The proposed regulations broadly require a reporting company to file an updated report within 30 calendar days “after the date on which there is any change with respect to any information previously submitted to FinCEN.” This includes any change with respect to who is a BO and “any change with respect to information reported for any particular beneficial owner or applicant.” (emphasis added). This 30-day period appears to begin on the date on which the change occurs, regardless of the reporting company’s actual or constructive knowledge thereof.

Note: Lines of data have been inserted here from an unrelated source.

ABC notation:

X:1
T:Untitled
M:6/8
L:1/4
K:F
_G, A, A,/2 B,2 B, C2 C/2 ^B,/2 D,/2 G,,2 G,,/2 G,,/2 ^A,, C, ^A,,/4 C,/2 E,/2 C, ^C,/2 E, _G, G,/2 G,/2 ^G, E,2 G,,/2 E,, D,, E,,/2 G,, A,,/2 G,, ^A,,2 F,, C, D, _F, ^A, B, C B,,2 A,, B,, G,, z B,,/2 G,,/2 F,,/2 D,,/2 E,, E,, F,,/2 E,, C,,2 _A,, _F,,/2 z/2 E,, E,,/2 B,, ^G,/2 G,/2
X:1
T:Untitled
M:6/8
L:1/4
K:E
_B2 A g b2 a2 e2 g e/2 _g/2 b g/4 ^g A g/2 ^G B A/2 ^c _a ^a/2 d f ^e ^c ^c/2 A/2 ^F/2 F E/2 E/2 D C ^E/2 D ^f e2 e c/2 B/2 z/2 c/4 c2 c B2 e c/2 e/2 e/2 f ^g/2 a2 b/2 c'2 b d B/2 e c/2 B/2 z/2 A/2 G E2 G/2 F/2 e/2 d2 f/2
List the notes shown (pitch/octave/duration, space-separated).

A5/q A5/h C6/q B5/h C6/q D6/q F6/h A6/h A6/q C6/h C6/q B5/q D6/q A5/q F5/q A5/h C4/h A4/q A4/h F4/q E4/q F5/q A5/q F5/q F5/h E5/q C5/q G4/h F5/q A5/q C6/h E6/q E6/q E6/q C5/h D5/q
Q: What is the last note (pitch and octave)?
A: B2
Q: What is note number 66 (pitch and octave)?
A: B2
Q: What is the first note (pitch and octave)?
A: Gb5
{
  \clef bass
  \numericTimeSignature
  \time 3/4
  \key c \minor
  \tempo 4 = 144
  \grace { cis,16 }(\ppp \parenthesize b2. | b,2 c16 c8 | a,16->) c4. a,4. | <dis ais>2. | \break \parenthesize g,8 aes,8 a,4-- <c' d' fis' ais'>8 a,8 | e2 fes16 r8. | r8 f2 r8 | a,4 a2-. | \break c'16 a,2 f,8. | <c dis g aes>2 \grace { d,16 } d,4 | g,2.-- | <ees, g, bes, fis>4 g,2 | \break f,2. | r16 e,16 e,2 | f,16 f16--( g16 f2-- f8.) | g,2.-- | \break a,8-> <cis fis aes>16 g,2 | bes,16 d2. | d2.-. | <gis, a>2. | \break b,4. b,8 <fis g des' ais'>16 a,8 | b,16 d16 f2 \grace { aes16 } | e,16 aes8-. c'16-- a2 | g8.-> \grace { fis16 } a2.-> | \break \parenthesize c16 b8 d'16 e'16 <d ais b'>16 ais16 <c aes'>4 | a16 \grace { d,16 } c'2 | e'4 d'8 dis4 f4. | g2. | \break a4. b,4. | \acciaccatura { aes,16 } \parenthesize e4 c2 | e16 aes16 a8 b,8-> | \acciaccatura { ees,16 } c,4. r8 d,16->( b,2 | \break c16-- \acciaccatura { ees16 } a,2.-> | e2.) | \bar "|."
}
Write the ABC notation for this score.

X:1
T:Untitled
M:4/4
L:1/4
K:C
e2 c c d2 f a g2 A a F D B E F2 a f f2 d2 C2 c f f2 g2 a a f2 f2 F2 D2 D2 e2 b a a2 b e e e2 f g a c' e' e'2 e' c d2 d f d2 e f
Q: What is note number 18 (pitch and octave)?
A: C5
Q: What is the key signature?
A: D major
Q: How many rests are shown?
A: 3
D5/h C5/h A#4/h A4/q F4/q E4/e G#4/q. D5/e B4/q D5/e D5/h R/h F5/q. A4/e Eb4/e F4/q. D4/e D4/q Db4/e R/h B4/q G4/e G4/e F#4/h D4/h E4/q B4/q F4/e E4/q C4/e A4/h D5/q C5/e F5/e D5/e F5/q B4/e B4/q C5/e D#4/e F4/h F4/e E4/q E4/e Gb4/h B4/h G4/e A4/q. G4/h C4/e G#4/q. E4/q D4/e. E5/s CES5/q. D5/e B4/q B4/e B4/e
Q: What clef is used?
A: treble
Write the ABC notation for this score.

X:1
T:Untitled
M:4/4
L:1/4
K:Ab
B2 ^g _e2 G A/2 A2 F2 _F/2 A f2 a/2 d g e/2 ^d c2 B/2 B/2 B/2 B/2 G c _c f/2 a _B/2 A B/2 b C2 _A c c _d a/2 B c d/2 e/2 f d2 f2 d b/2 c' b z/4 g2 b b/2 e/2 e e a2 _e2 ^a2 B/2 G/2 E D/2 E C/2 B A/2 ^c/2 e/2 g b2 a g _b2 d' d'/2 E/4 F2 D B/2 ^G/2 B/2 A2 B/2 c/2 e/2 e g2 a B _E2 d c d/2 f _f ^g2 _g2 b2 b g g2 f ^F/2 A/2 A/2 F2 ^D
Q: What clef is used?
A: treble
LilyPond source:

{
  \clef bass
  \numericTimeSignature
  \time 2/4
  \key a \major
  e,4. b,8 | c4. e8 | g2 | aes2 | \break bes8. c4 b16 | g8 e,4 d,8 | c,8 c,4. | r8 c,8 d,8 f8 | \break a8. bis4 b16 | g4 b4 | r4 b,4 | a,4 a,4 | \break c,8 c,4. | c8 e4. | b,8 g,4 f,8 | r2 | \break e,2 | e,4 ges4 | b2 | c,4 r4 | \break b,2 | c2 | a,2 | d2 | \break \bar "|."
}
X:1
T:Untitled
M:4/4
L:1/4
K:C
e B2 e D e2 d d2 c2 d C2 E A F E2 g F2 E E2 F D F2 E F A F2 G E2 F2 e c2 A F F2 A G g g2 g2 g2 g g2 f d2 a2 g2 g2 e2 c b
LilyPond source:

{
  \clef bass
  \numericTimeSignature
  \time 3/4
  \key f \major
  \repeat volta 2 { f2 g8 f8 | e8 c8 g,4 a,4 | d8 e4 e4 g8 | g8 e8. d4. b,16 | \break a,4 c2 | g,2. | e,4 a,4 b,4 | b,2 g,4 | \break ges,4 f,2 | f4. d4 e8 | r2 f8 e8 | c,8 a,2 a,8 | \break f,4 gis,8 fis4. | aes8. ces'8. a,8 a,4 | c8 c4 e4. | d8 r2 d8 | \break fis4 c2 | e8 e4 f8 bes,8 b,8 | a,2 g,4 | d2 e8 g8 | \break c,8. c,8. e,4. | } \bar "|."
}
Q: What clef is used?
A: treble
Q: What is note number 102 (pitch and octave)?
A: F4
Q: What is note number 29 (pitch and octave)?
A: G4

A reporting company that “becomes aware or has reason to know that any required information contained in any report . . . was inaccurate when filed and remains inaccurate” must file a corrected report within 14 calendar days of the date on which it becomes aware or has reason to know of the inaccuracy. Prop. 31 C.F.R. § 1010.380(a)(3). FinCEN believes quickly correcting errors is essential for fulfilling Congress’s instruction that BOI reported to the agency be ‘‘accurate, complete, and highly useful.’’ Again, FinCEN anticipates that the 14-day update deadline is a low burden for a reporting company and also incentivizes reporting companies to ensure that information is correct at the time of submission of an initial or updated report.
Penalties for Reporting Violations and Safe Harbor
The CTA provides for civil and criminal penalties for “reporting violations” and an “unauthorized disclosure or use.” Generally, a “reporting violation” is committed if “any person” willfully (1) provides false or fraudulent BOI or (2) fails to report complete or updated BOI. See 31 U.S.C. § 5336(h)(1)(A). Unless authorized, any person who knowingly discloses or knowingly uses BOI obtained through either a report submitted to FinCEN or a disclosure made by FinCEN commits an “unauthorized disclosure or use” violation. 31 U.S.C. § 5336(h)(2). The CTA’s “safe harbor” provision provides that no civil or criminal penalty for a reporting violation applies if the person who filed an incorrect report “voluntarily and promptly” – and in no case later than 90 days after the date the person submitted the report – submits a corrected report. The proposed regulations explain that no civil or criminal penalty applies for an inaccurate report if a corrected report is filed both (1) within 14 days from discovery of the inaccuracy, and (2) the submission date of the corrected report is not more than 90 days from the date the incorrect report was submitted. Moreover, the safe harbor does not apply if, at the time the person submitted the inaccurate report, the person was acting for the purpose of evading the reporting requirements and had actual knowledge that the information in the report was inaccurate. 31 U.S.C. § 5336(h)(3)(C)(i)(II).
Effective Date and Logistical Issues
The NPRM does not propose an effective date but rather seeks comments on the timing of the effective date and any potential factors to be considered. FinCEN seemingly acknowledges that it must balance its desire of identifying the earliest possible effective date (to better advance the goal of the CTA) with the significant challenges to proper and safe implementation, including designing a new IT system. Specifically, the NPRM acknowledges that, prior to the effective date of the regulations, FinCEN first must design and build a new IT system (the Beneficial Ownership Secure System, or “BOSS”) to collect and provide access to BOI. Finally, the NPRM references the major issue of BOI verification, and how it will be accomplished, by simply noting that “FinCEN continues to evaluate options for verification of information submitted in BOI reports.”